How the Apollo Guidance Computer's restart system preserved critical state across software restarts—a fault-tolerance design that kept computing through failures

Matt Dennis

The Apollo Guidance Computer could restart itself. Not reboot from scratch, not reload from tape, not cycle power and hope for the best—it could detect that something had gone wrong, terminate the current computation, and resume critical operations from a known-good state, all in about 40 milliseconds. The spacecraft never stopped flying. The guidance equations picked up where they left off. The Digital Autopilot kept firing jets. The crew might see a brief flicker on the DSKY and hear a program alarm tone, and then the computer was back, still tracking the trajectory, still pointed at the Moon.


This capability—restart protection—was one of the most sophisticated pieces of fault-tolerant software design in the 1960s, and it solved a problem that most software of that era didn’t even acknowledge: what happens when your code crashes and you can’t afford to start over?

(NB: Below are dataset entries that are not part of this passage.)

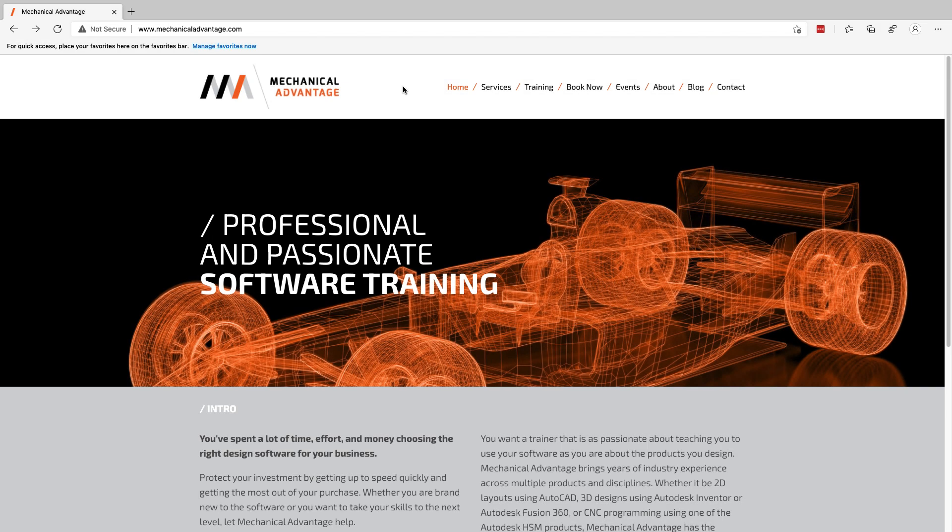Hey everyone, Kevin from mechanicaladvantage.com. Sorry I've been away for a little bit — been working on a few things that we'll talk about in the future. In the meantime, I wanted to give you a little update on a couple of things. First, I'm going to be talking about the website.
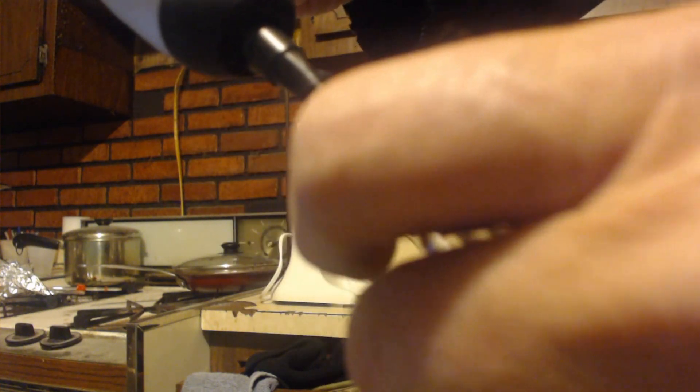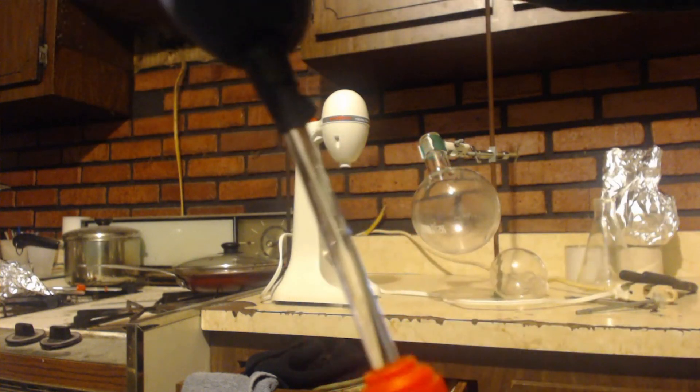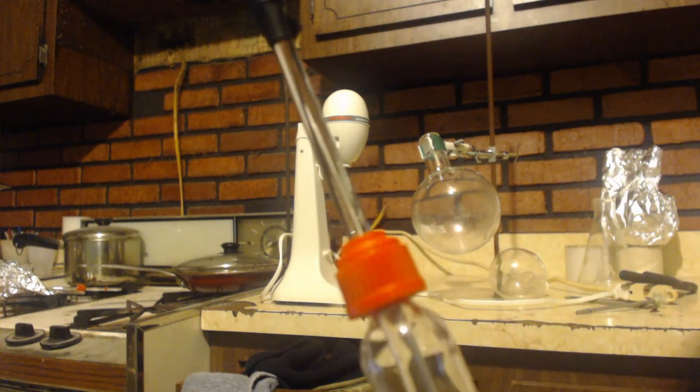See, these have threads on there and threads on this red thing, and then the gasket's in there. And as you tighten it, it will squeeze that gasket even smaller, but it's just the perfect size for this glass rod I have.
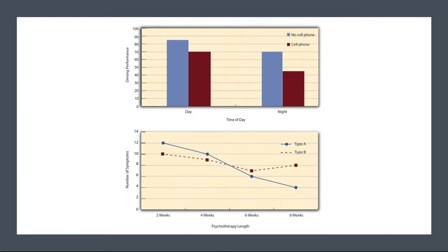The bottom panel of Figure 9.3 shows the results of a 4x2 design in which one of the variables is quantitative. This variable, psychotherapy length, is represented along the x-axis and the other variable, psychotherapy type, is represented by differently formatted lines. This is a line graph rather than a bar graph because the variable on the x-axis is quantitative with a small number of distinct levels. Line graphs are also appropriate when representing measurements made over a time interval — also referred to as time series information — on the x-axis.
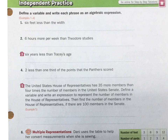This is independent practice 6.4. Let's look at number 1. We want to define a variable and then write each phrase as an algebraic expression.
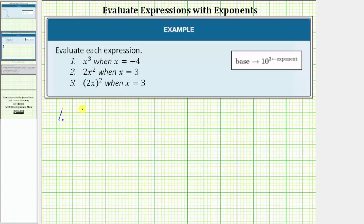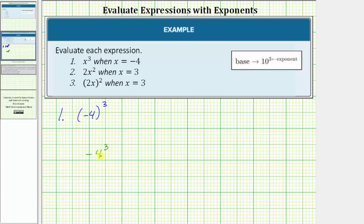For number one we need negative four in parentheses to indicate negative four is the base, then we raise this to the third power. It is important that we have these parentheses — without them it means something different. Without parentheses we have negative and then positive four raised to the third power, where the base is positive four and we have a negative sign in front. To evaluate the cube of negative four we have three factors of negative four: negative four times negative four times negative four, which equals negative 64.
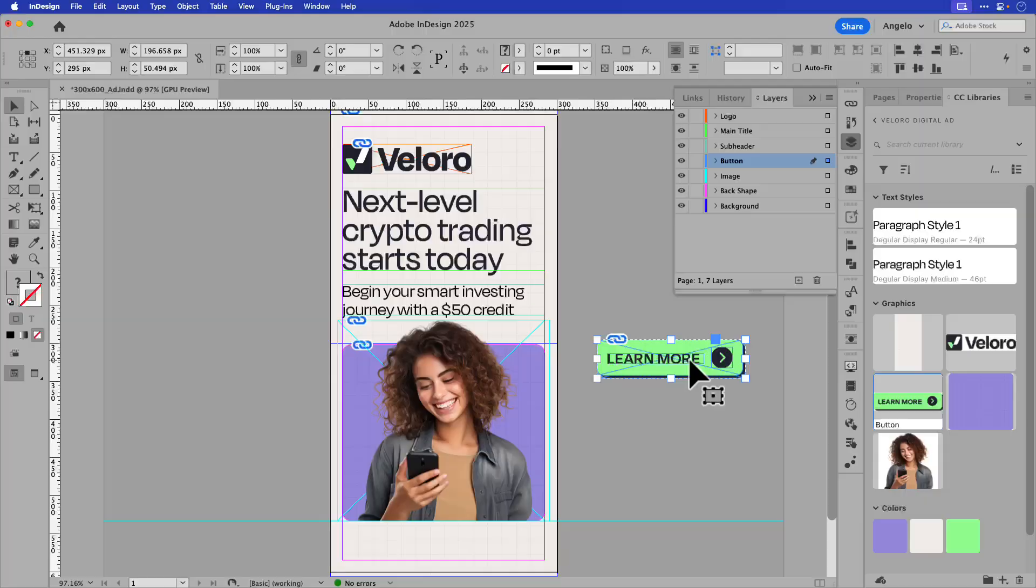In this video, let me walk you through a complete workflow for creating a digital ad from design to deployment.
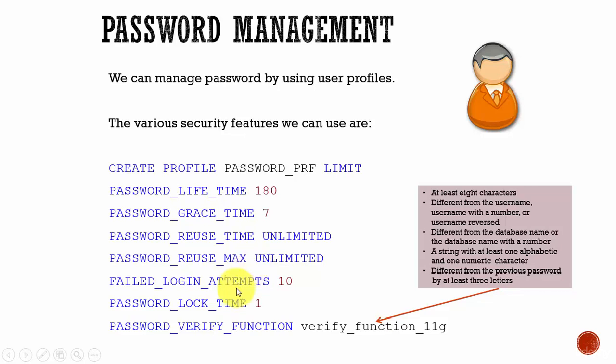Failed login attempts specifies the number of failed login attempts before the account is locked. If we say 10, once the user enters wrong password 10 times the account will be locked. Next one, password lock time - it specifies the number of days the account will be locked after the specified number of failed login attempts.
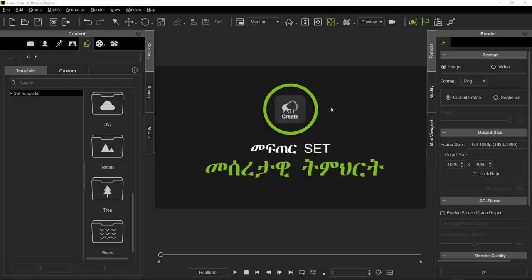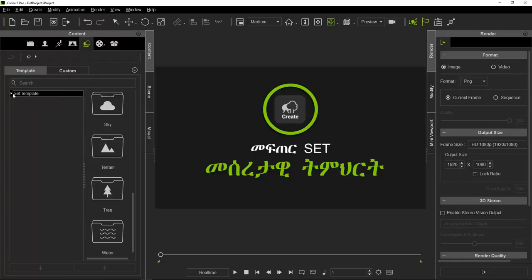This is the iClone 3D software. This is the creation of the software, and this is the set template.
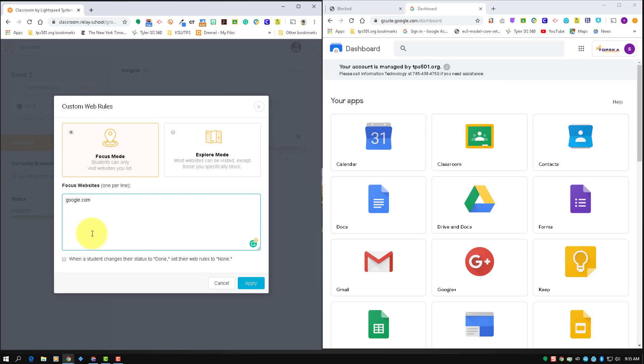So if you only want them on one specific site, you just can copy and paste the website in here and that will work. The other option is explore mode, and it works the opposite of focused. So on explore mode, all websites are open except for what's listed underneath, and those are going to be blocked.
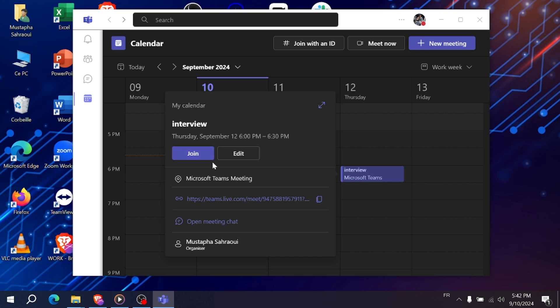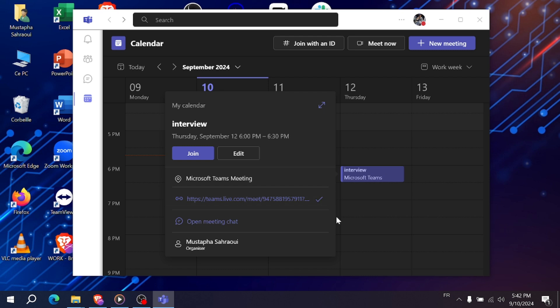Alternatively, you can join your interview by clicking on the link sent to you by the recruiter. This will take you directly to the meeting in Microsoft Teams. If you can't find the interview link in your calendar, check your chat or community sections, as the invitation may have been sent there.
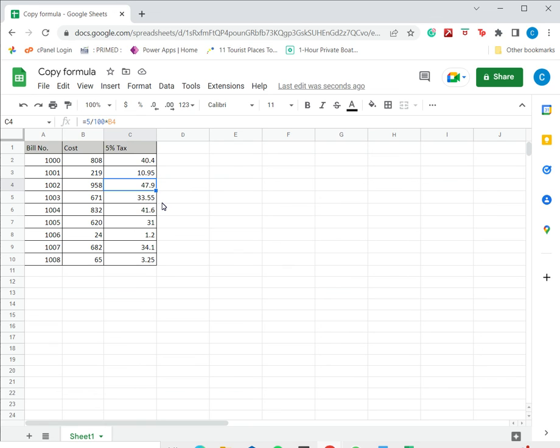This is how you copy a formula in Google Sheets. Please read the appended article for more information.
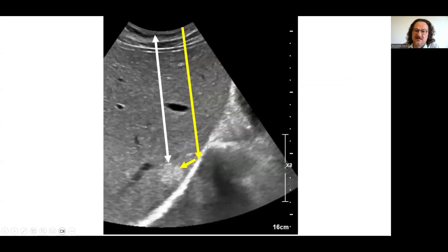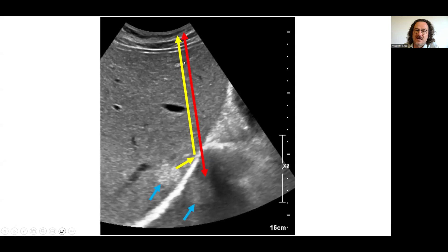Here you can see the mirror artifact at the diaphragm interface. The hemangioma is visible in its original location, but the reflected image goes back deeper than the original — a mirror image of the original appearing in an incorrect, deeper location.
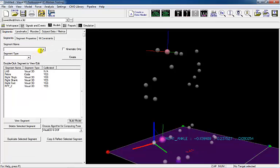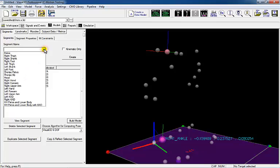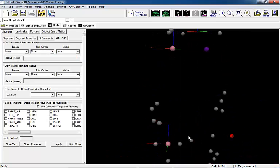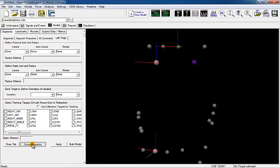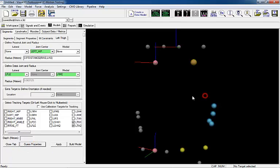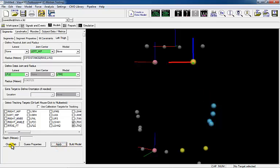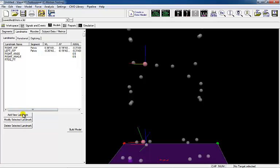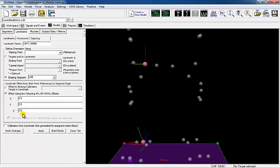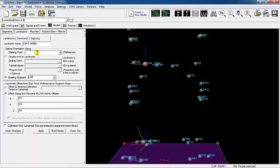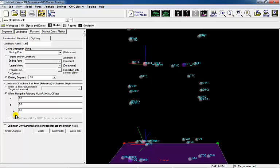Since the right thigh has been created, the Guest Properties button can be used to create the left thigh. Once the button has been pressed, Visual 3D will auto-populate the segment identifications. After creating the segment, check that the distal and proximal ends of the segment, as well as tracking markers, have been identified correctly. Since the shank and foot segments are created off user-identified landmarks, these landmarks will need to be identified before the segments can be created. The left knee target should be along the line of the medial lateral knee targets, placed halfway along this line and only used for calibration. The left ankle target should be along the line of the medial lateral ankle targets, placed halfway along this line and only used for calibration.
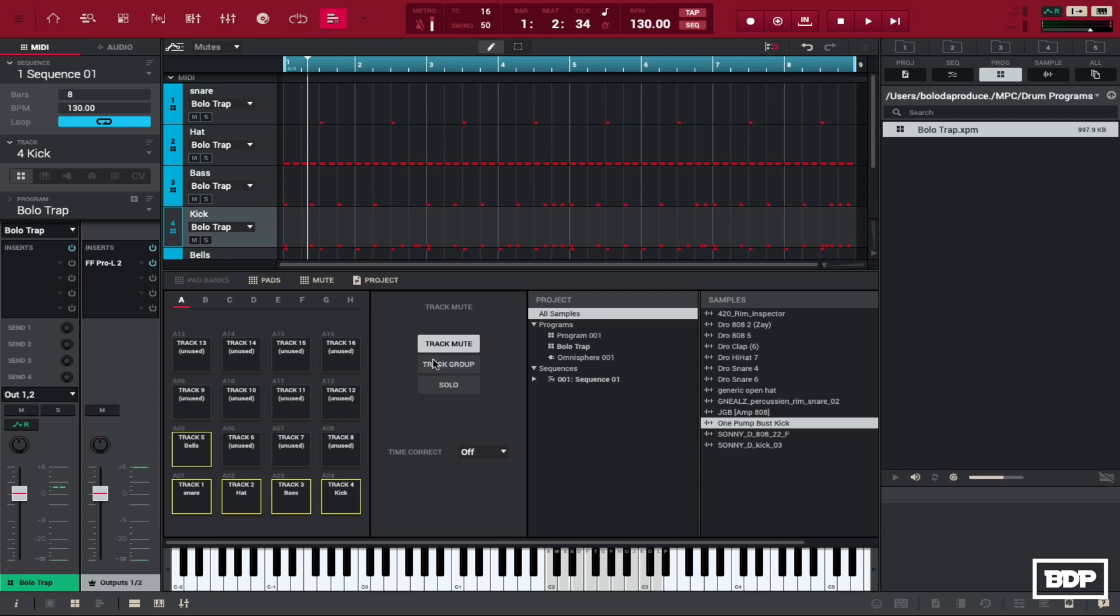So just listen to the kick and the bass. It might be a little loud because I didn't turn the thing down but I do have a limiter on here. So hopefully it won't be too loud. So let's go ahead and listen to this real quick.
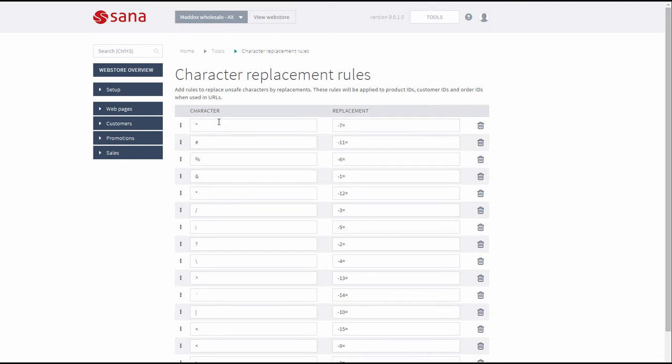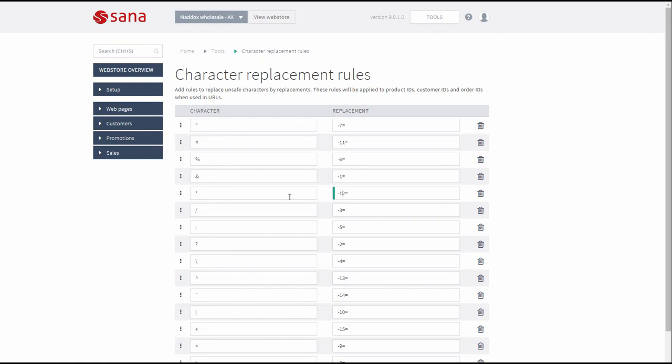In the character column you can enter the characters that are not allowed in the URLs and thus should be replaced. And in the replacement column you can enter the characters that should replace those specified in the character column. If there are any of these characters in the product IDs, customer IDs or order IDs, they will be replaced when used in the URLs.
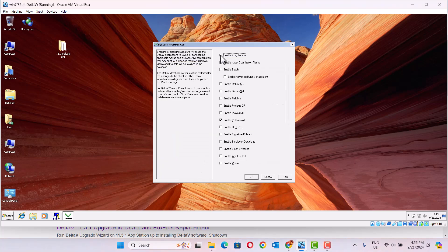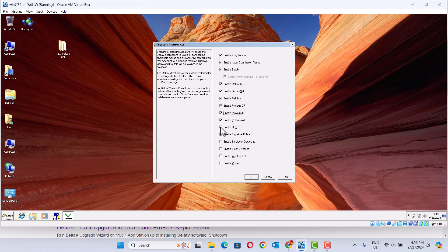We can choose ASI communication. We can choose all the stuff: Fieldbus, device slide, Profibus DP, simulation, smart switch, wireless.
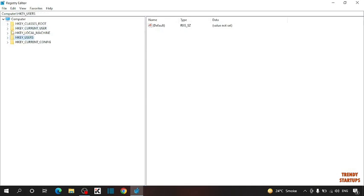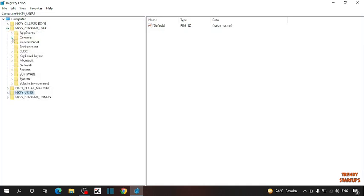In registry editor, you can see the option HKEY_CURRENT_USER. Expand the HKEY_CURRENT_USER option.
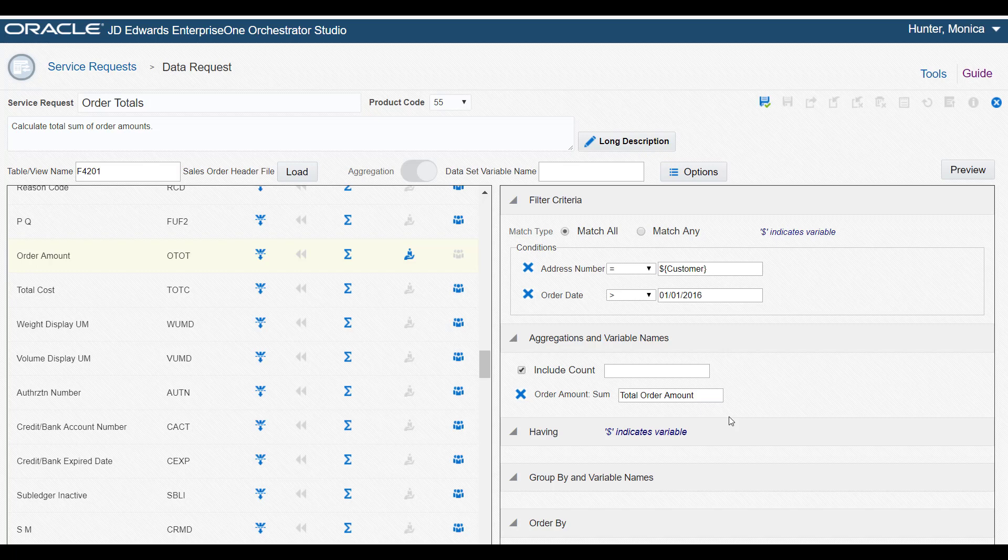When this data request is added to an orchestration, the Orchestrator Studio automatically adds this Total Order Amount variable as another orchestration input. This enables you to map the total amount of orders returned from this data request to another step in the orchestration.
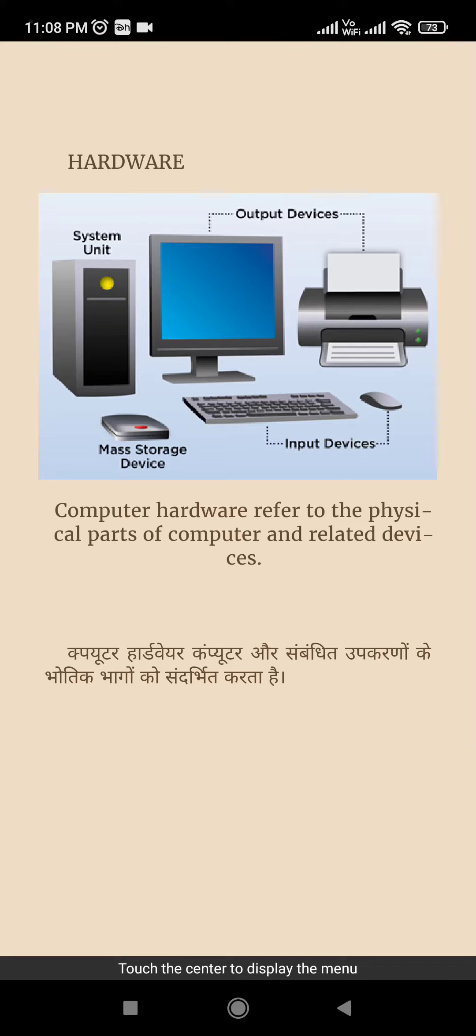Welcome to our channel. Today my topic is hardware. What is hardware? Before we start this topic, please subscribe our channel and press the bell icon to get regular updates.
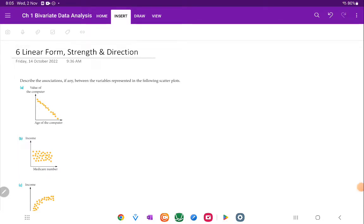So in the last one, we had been looking at form, strength, and direction being the three things that we're usually interested in. Sometimes we call direction trend. It doesn't make a difference. It's just talking about which way it's going.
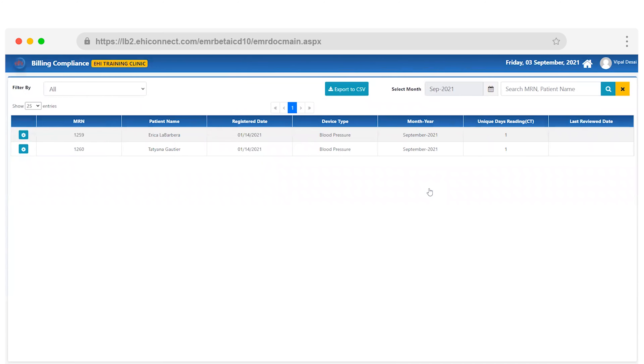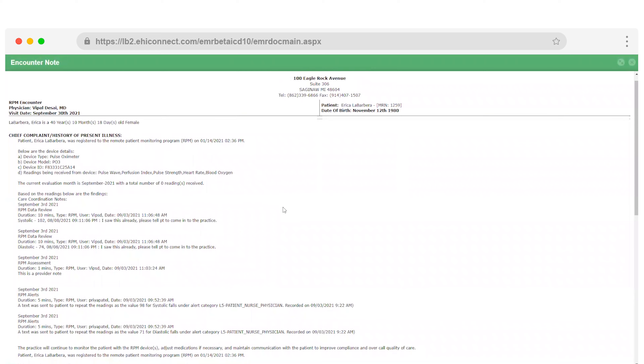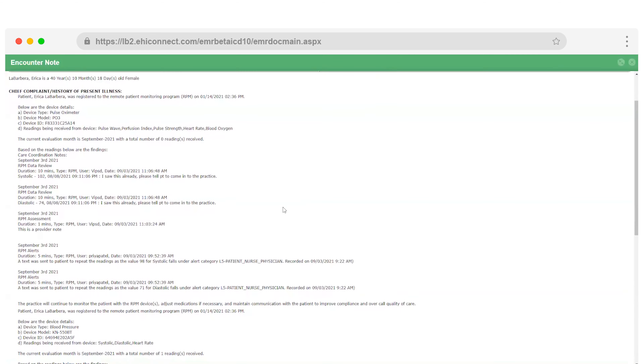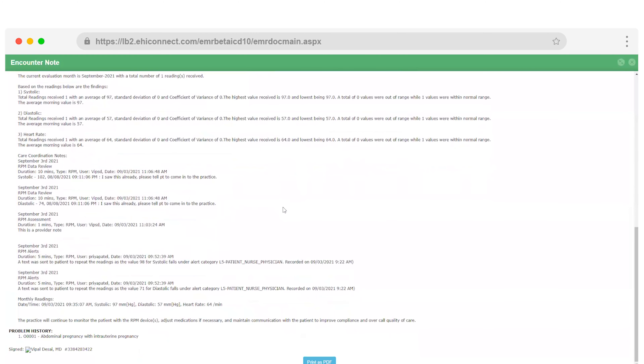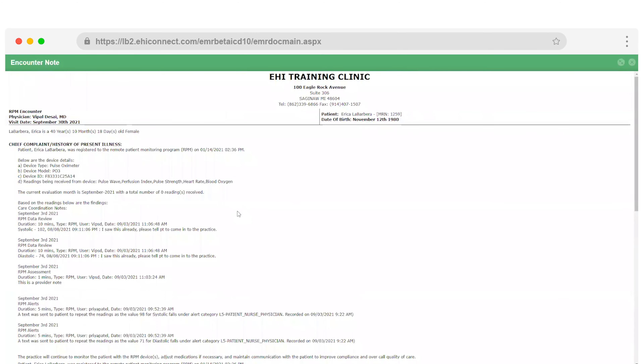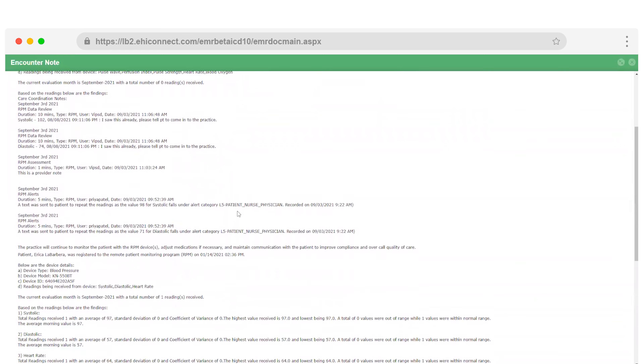You can also create super bills right here and send out a claim. What's great about our application is that it automatically creates encounter notes based on a patient's RPM chart notes and number of monthly readings. Our remote patient monitoring solution is simple. We created a seamless way to integrate this program into your workflow, so the only thing that changes is an improvement to your patient's health.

Why Restarts Were Necessary

The AGC operated in an environment that could disrupt computation in ways no amount of careful programming could prevent. Hardware transients—voltage spikes, radiation-induced bit flips, electromagnetic interference from the spacecraft’s own systems—could corrupt a memory location, scramble a counter, or derail the program counter to a nonsensical address. Software errors, while extensively tested against, could not be ruled out entirely in a 36,864-word program of this complexity.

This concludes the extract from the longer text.